Verizon Wireless has enough data (100… 500 time series KPIs per cell) that they use to feed anomaly detection ML algorithms and this generates a huge number of alarms, but only a few actionable outputs. 

The “big elephant” (Nick Feamster) is to identify if these alarms indicating real problems that can and have to be fixed or if they just indicate a new behavior of e.g. a new handset or a SW version that was not present in the training phase of the ML algorithm and hence, its pattern is detected as a new “anomaly”. 

For Bryan Larish (Director Wireless AI Innovation, Verizon) the “big open problem” is “that it is not clear what the labels are” and “no standard training sets exist”. 

[For more details watch the video section between 52.00 min and 57:32 min and listen to Bryan’s experience!] 

In most cases Verizon seems to need subject matter experts to classify and label these anomaly alarms due to “the huge diversity” in data pattern. 
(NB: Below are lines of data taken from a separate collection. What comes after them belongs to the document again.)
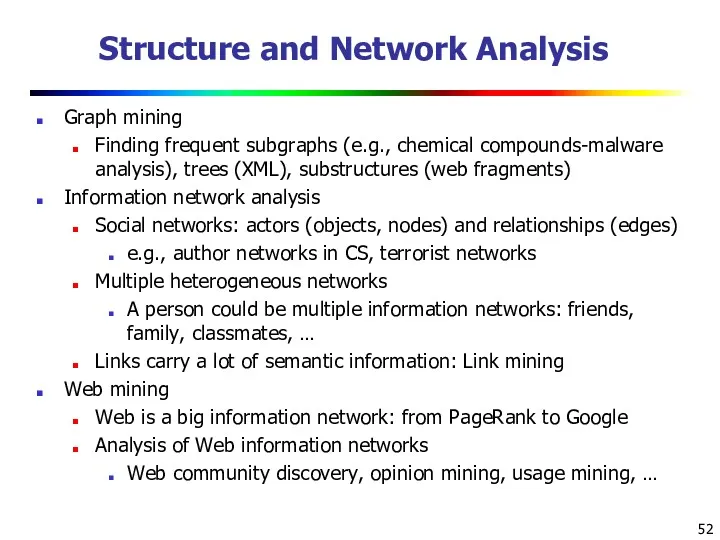 Structure and Network Analysis Graph mining Finding frequent subgraphs (e.g.,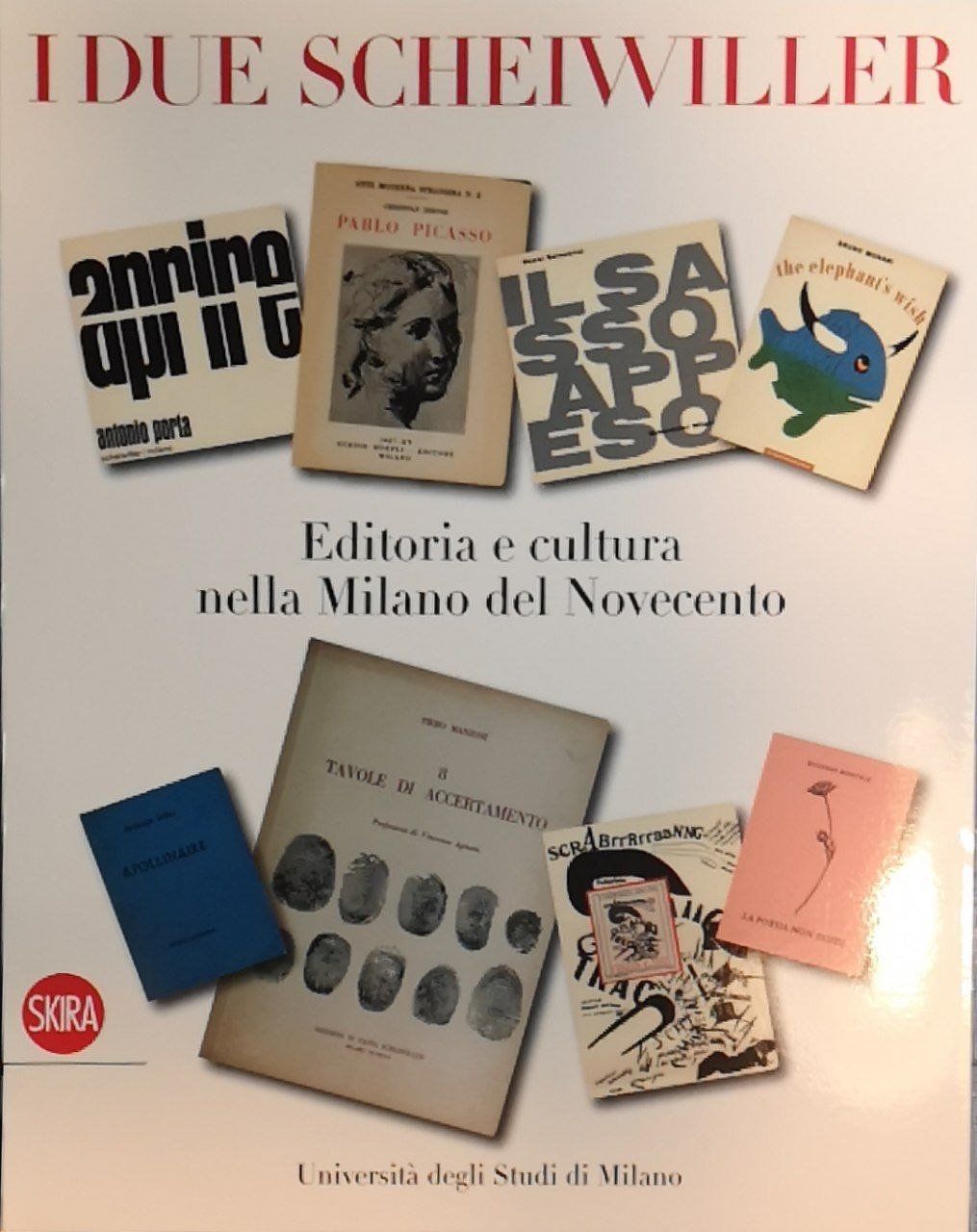 I due Scheiwiller : editoria e cultura nella Milano del …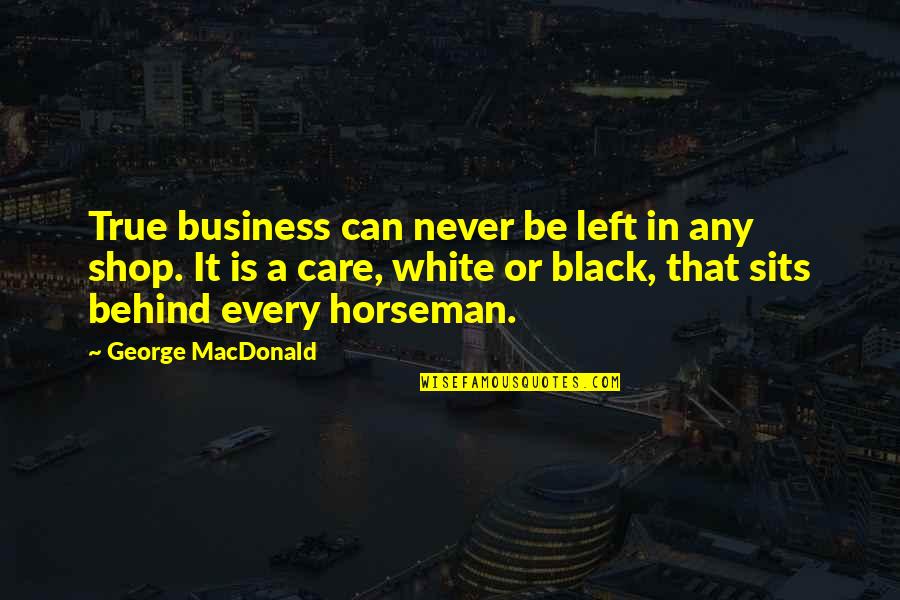 Knock On Wood Quotes By George MacDonald: True business can never be left in any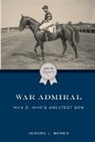 Edward L Bowen, Edward L. Bowen - War Admiral Man O Wars Greatest Sonp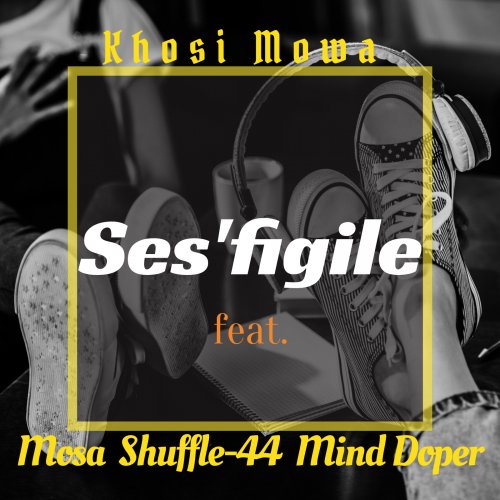 Ses'figile (Ft Mosa, Shuffle-44, Mind-doper
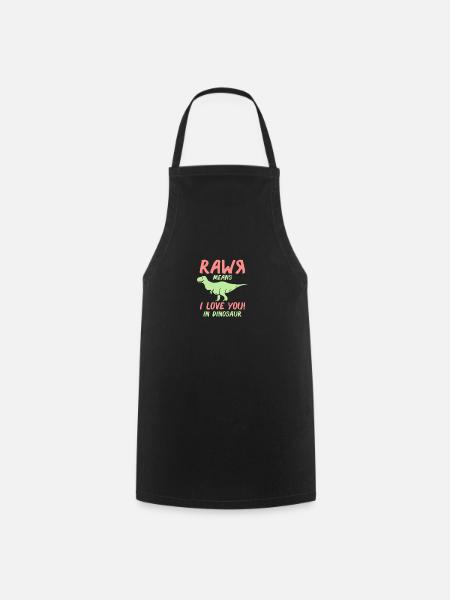 Rawr heißt ich liebe dich Dino Saurier Geschenk - Kochschürze - Schwarz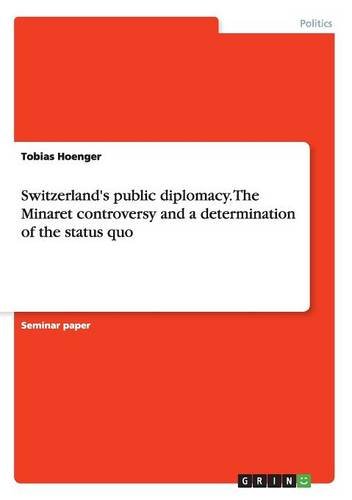 Switzerland's public diplomacy. The Minaret controversy and a determination of the status quo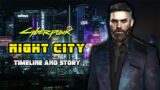 Night City Story – Part 1 | Cyberpunk 2077 Lore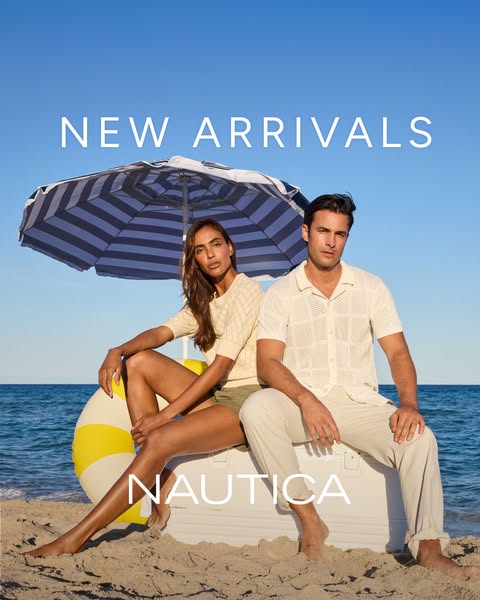 This ad for Nautica features a man and woman sitting on a cooler with the text "NEW ARRIVALS."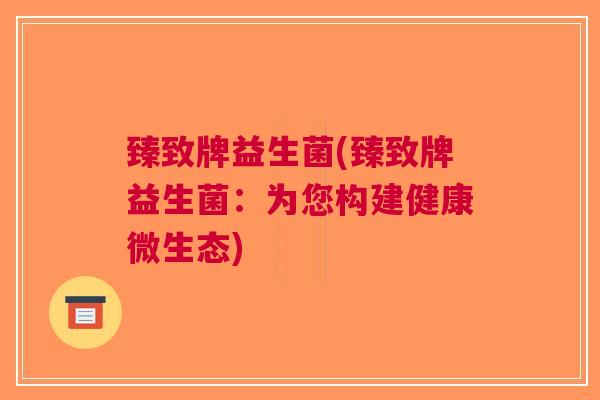 臻致牌益生菌(臻致牌益生菌:为您构建健康微生态)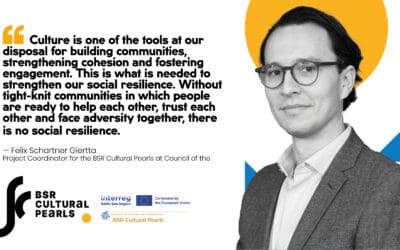 Fostering Social Resilience in the Baltic Sea Region. An Inspiring Conversation with Felix Schartner Giertta on the BSR Cultural Pearls Project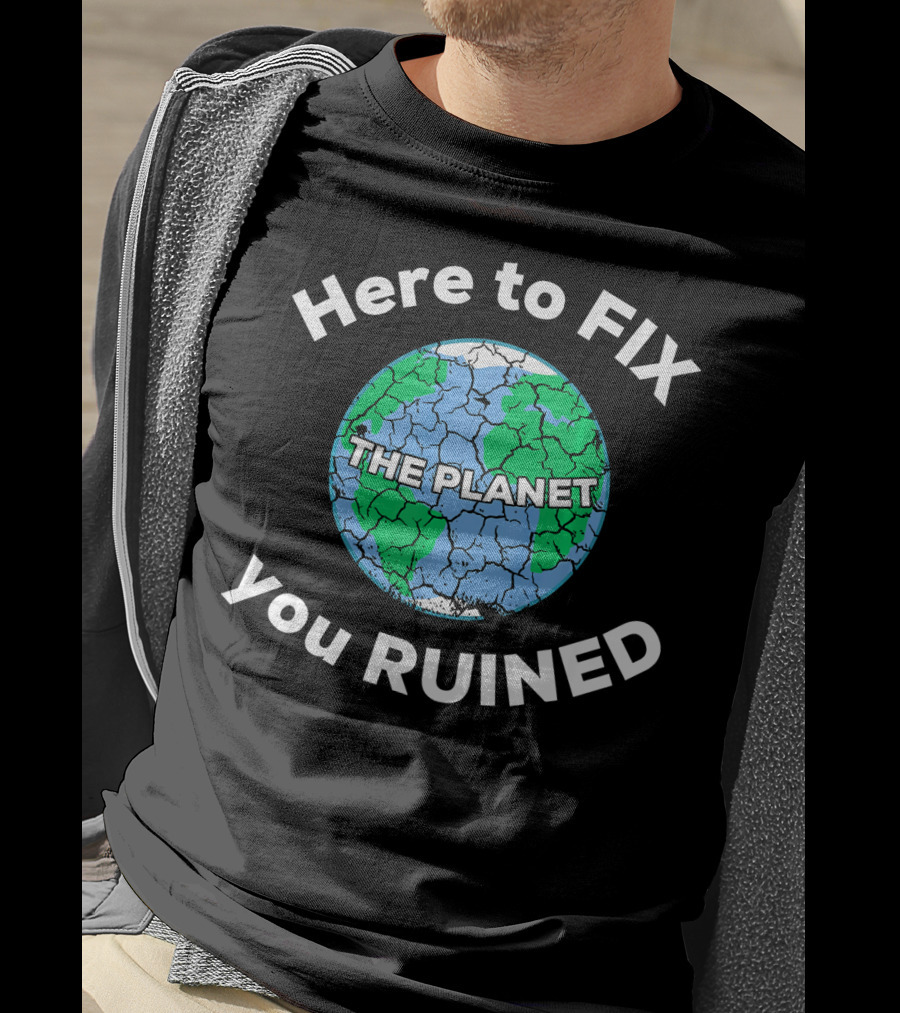 Here To Fix The Planet You Ruined Climate Change Motivational T-Shirt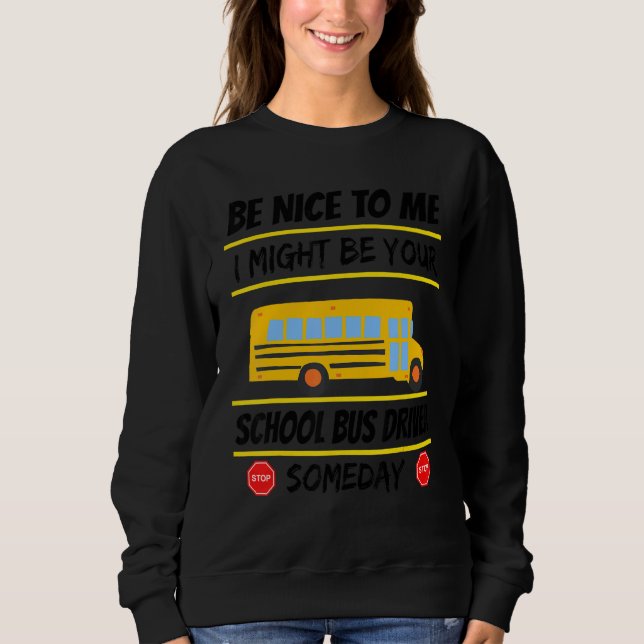 Be Nice I Might Be Your School Bus Driver Someday  Sweatshirt (Vorderseite)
According to Bryan only for very few selected use cases it is possible to build an automated loop to fix the issue. Especially the root causes of radio interference are often mechanical or cabling issues that need manual work to get fixed. 

All in all it is my personal impression at the end of the session that anomaly detection is currently a bit overhyped and that the real challenges and problems to be resolved start after anomalies are detected.

Nevertheless, as Bryan summarizes: “ML is a very, very powerful tool.” 

However, strategically he seems not to see a lot of value in anomaly detection by itself, but rather: “Can we use machine learning (results) to change how we build networks in the future?”